Mais à quoi bon les larmes ! Pleurer ne sert de rien - nous dira-t-on -, il faut agir. Agir ! Mais ne sentez-vous pas que les larmes auxquelles Jésus nous demande de nous associer sont encore, ici et toujours, les larmes de l'amour ; or l'amour est la grande force créatrice. Sans lui toute action reste sans élan et demeure stérile, comme une semence éborgnée jetée dans le sillon. L'amour qui pleure ! mais, entre tous - le Christ est venu nous le prouver - c'est celui qui agit, car c'est celui qui se donne, celui qui s'immole pour sauver.

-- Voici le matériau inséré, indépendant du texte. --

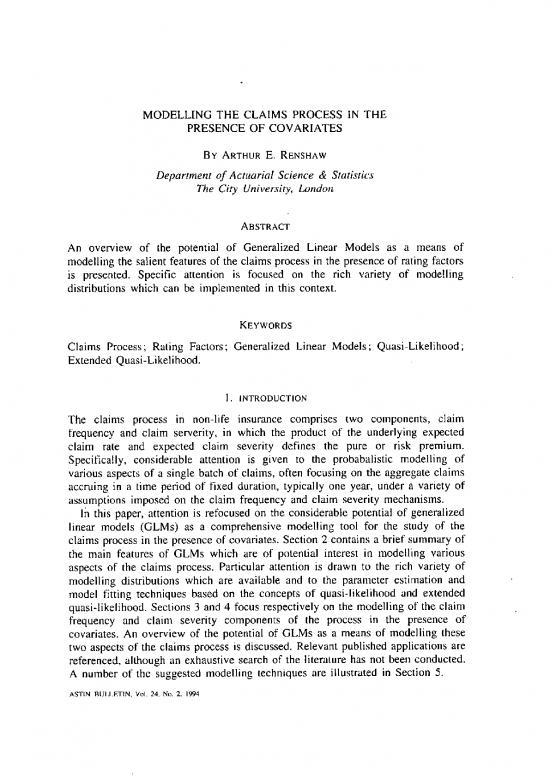 picture1_The Presence Process Pdf 117028 | 265 Item Download 2022-10-05 21-08-13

En sorte que, par ses larmes, c'est à l'amour même que le Christ nous appelle, à cette souffrance d'amour, créatrice et vivifiante qui transforme les croix en instruments de salut.

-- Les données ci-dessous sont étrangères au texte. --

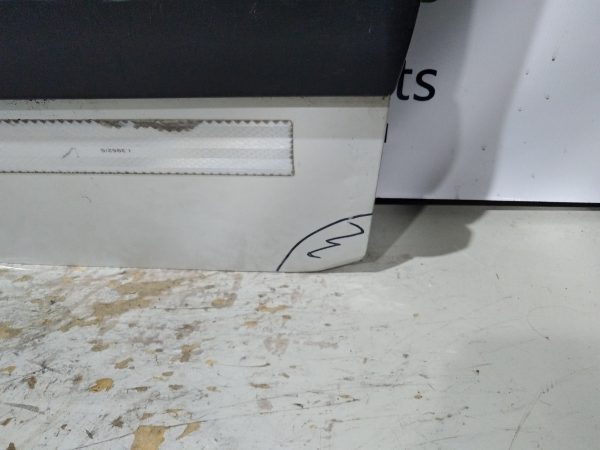 Puerta Delantera Izquierda Peugeot Expert (04700095) Lp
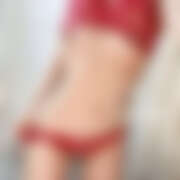 ヒメ日記 2025/10/15 13:05 投稿 ふうか 秋葉原ハンドメイド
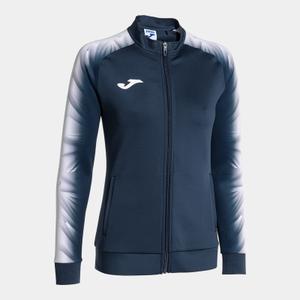 product/j/o/joma_902255.332_marino-blanco_2.jpg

Devant la Jérusalem moderne qui menace ruine, sourde aux appels de Celui qui voudrait rassembler ses enfants et incapable de comprendre ce qui est nécessaire à sa paix, ne résistons pas à la muette imploration de l'amour du Christ ! Alors à travers nos larmes, mêlées aux siennes qui les sanctifieront, nous pourrons voir encore resplendir dans nos ténèbres cette immense clarté d'espérance qui, il y a vingt siècles, annonçait aux hommes la naissance d'un monde nouveau.

Car ici, comme sur le tombeau de Lazare, les larmes du Christ nous apportent encore une promesse : la promesse d'une victoire. Jésus pleure sur le monde, mais déjà Il l'a vaincu. Il pleure sur l'incompréhension et l'endurcissement du coeur humain qui font peser sur ce monde une menace de mort ; mais son amour est plus fort que la mort. À travers les larmes, Il nous rappelle le message qui permet de ne jamais désespérer : « Vous avez des tribulations dans le monde, mais prenez courage, j'ai vaincu le monde. » La prophétie se réalisera : « Les ténèbres ne régneront pas toujours sur la terre où il y a maintenant des angoisses. » À travers les larmes du Christ apparaît la vision de la cité sainte : la Jérusalem céleste où il n'y aura « plus de mer » pour séparer les hommes, « plus de nuit » pour les égarer et où « la mort ne sera plus » !

Ainsi, devant le monde et devant le tombeau, les larmes de Jésus deviennent les messagères de l'espérance. Mais la promesse de victoire reste conditionnée par notre amour. Le Christ ne s'associe pas à toutes les douleurs. Il faut que nos larmes soient dignes de ses larmes. Si, en ce jour, dans nos coeurs c'est bien l'amour qui pleure et qui saigne devant quelque tombeau, n'en doutons pas, le Christ est avec nous et, à travers les larmes, notre foi peut s'emparer de la merveilleuse promesse : « Je suis la résurrection et la vie. »

Et, devant notre monde misérable et déchu, nos larmes resteront stériles si nous ne pouvons pleurer que de dégoût, de colère, ou même de douleur et de pitié ! Apprenons à pleurer avec Christ ! Efforçons-nous d'élever nos larmes à la hauteur de ses larmes et quand elles monteront de nos coeurs pour jaillir toutes brûlantes d'amour, de cet amour chrétien qui pleure non seulement sur les victimes, mais sur les coupables et sur les ennemis, alors, à travers nos larmes, nous trouverons le secret de la vraie victoire, celle « par laquelle le monde est vaincu ».